REMAP-ILD: Randomised, embedded, multifactorial, adaptive platform trial for interstitial lung disease
REMAP-ILD is an inclusive global collaborative project which will develop the first international platform trial in Interstitial Lung Disease (ILD), accelerating identification of effective and novel therapies in fibrotic ILD (FILD).
We welcome new collaborators to join our network. If you would like to get involved or find out more, please contact firstname.lastname@example.org. If you are a patient or representative from a patient organisation and would like to get involved, please contact email@example.com. You might also find this additional information helpful too.
Interstitial Lung Diseases (ILDs) represent a group of fibro-inflammatory disorders that occur following exposure to a variety of dusts, in association with diseases (e.g. rheumatoid arthritis, sarcoid), or, in cases of Idiopathic Pulmonary Fibrosis (IPF), without known cause. In many cases the fibrosis becomes autonomous and progressive with worse outcomes than many cancers. Anti-fibrotic therapy (nintedanib and pirfenidone) is available, however, they are expensive and have numerous side effects. Furthermore, these drugs do not represent a cure and offer no improvement in long-term survival or quality of life. Unfortunately, at the current time, drug development can take many years for a single asset, and therefore there is an urgent need to accelerate drug develop for patients with fibrotic interstitial lung disease (FILD).
The goal of REMAP-ILD is to design a clinical trial which can speed up the assessment of therapies for patients with FILD. We will achieve this by creating an international platform to carry out clinical trials that rapidly assess potential treatments.
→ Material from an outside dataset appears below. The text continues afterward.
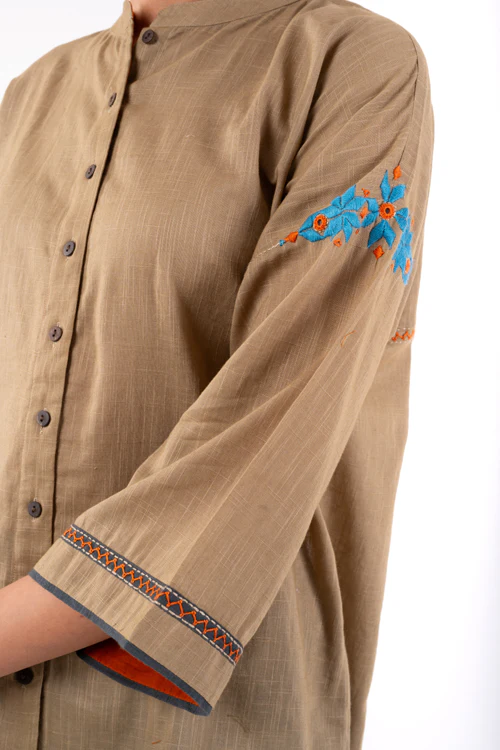 Rangsutra Naman Beige Mandarin Collar Soof Hand Embroidered Top - Image 12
We will use a new approach to trial design that will enable multiple therapies to be assessed at the same time, which are known as Randomized, Embedded, Multifactorial, Adaptive Platform (REMAP) trials and we will shorten the time it takes to decide if a therapy is working or not. We want to make it easy for patients to take part in the trial by minimising the number of hospital visits and disruption to their lives.
The results of the clinical trial will allow many more treatments including currently available medicines, new therapies and non-drug treatments to be assessed in a much shorter period of time. Ultimately, this will mean patients diagnosed with this devasting disease will have access to therapies that will enable them to live well for longer.
In partnership with Action for Pulmonary Fibrosis, our first REMAP-ILD patient and public involvement and engagement event is being held on the 1st of November 2022, 7pm-8.30pm.
For registration and to learn more about this inspiring event, please follow the link: https://www.actionpf.org/news/www-actionpf-org-news-remap-ild
Adaptive and Platform Trials: Can we REMAP-ILD?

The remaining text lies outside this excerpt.